Hari Pangan Sedunia tahun ini mengambil tema "Pemberdayaan Petani Sebagai Penggerak Ekonomi Menuju Kedaulatan Pangan."

Liputan6.com, Jakarta - Jumlah pekerja pertanian saat ini terus menurun setiap tahunnya. Wakil Presiden Jusuf Kalla menyebut sejumlah faktor yang membuat sektor ini semakin ditinggalkan masyarakat.

Dia mengungkapkan, sejak dulu jumlah tenaga kerja di sektor pertanian memiliki porsi paling besar. Saat ini, meski tetap menjadi yang terbesar, namun jumlahnya semakin menurun.
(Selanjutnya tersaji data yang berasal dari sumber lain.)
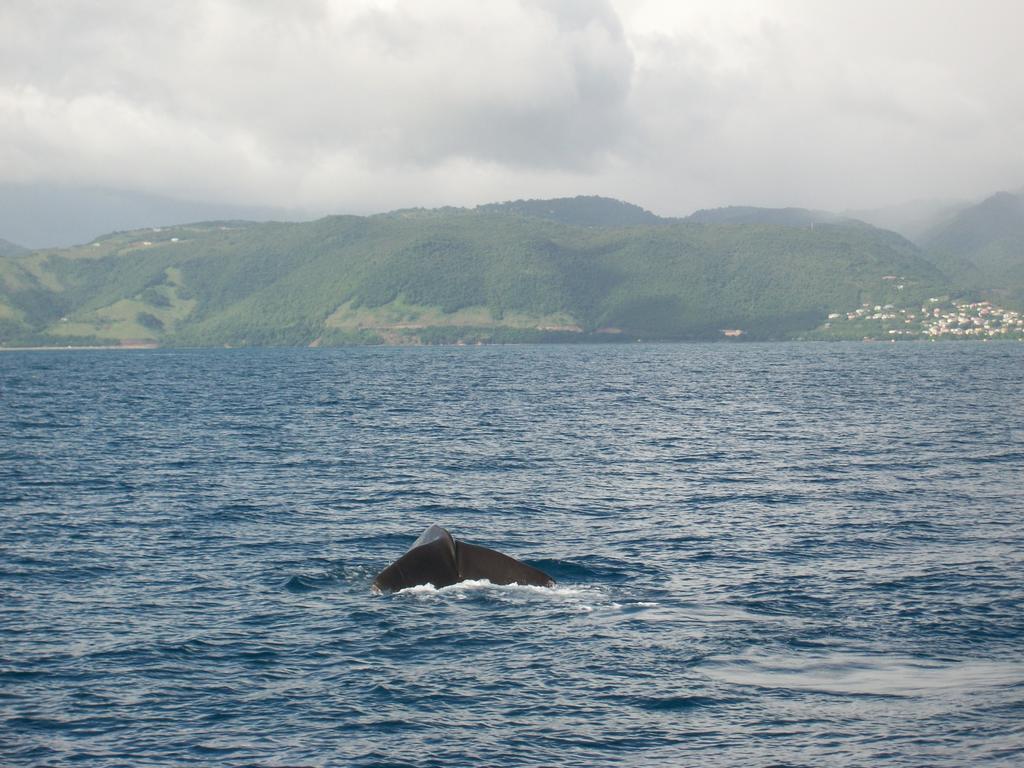 Anchorage Hotel, Whale Watch & Dive Center Roseau Luaran gambar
"Jumlah pekerja di Indonesia paling banyak di bidang pertanian sebanyak 34 persen. Kemudian di bidang perdagangan, jasa, dan sebagainya 22 persen. Usaha sosial 16 persen. Baru industri 13 persen. Dari tahun ke tahun, lapangan kerja di pertanian menurun. Dulu 40 persen sekarang tinggal 34 persen tenaga kerja," ujarnya di Kantor Kementerian Ketenagakerjaan, Jakarta, Kamis (22/10/2015).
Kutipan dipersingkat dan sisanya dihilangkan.